▶ EXERCISE DESCRIPTION
When you copy the material below, keep every line exact and omit the pictures.

▶ PROVIDED DATA
== Segment start ==
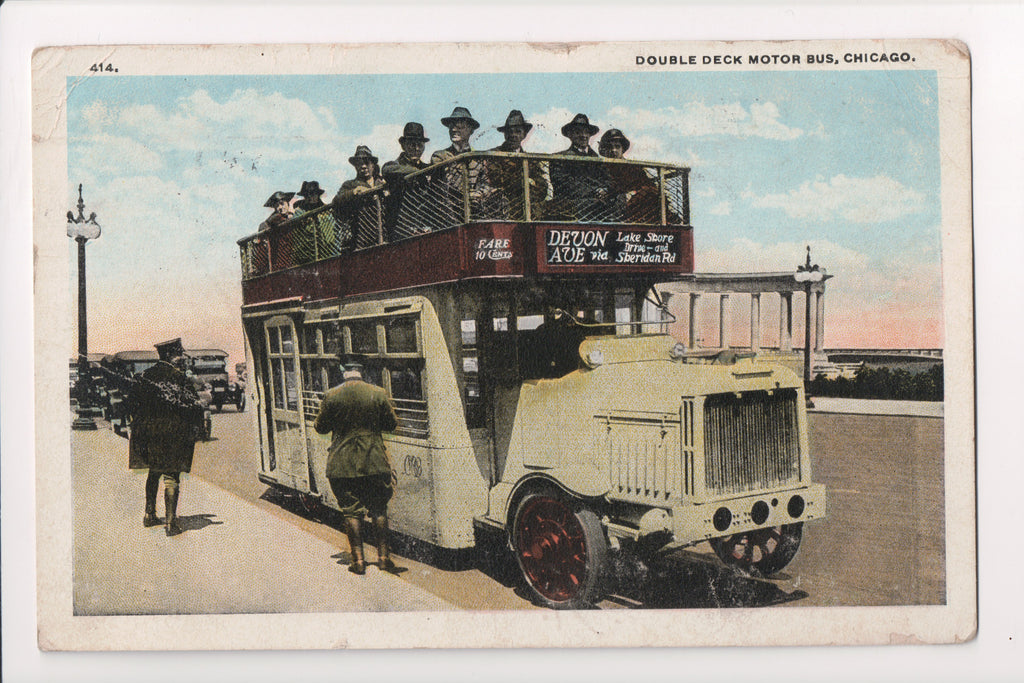 IL, CHICAGO - Double Deck Motor Bus - B17016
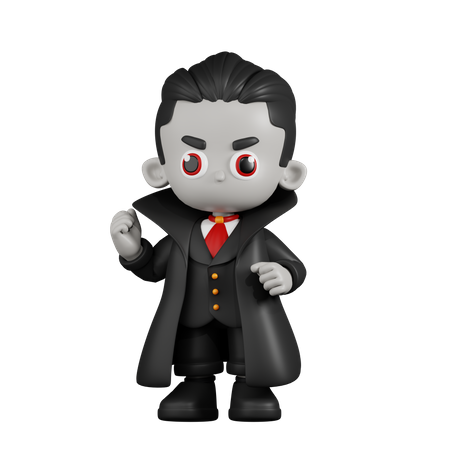 Drácula Vampiro Parabéns  3D Illustration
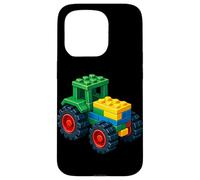 Carcasa para iPhone 15 Pro Tractor Master Builder Bloque Construcción de Ladrillos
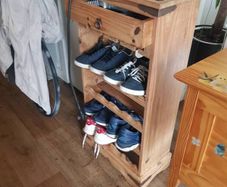 Mexican pine wine rack/ shoe rack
== Segment end ==
▶ RESPONSE AREA
 IL, CHICAGO - Double Deck Motor Bus - B17016
 Drácula Vampiro Parabéns  3D Illustration
 Carcasa para iPhone 15 Pro Tractor Master Builder Bloque Construcción de Ladrillos
 Mexican pine wine rack/ shoe rack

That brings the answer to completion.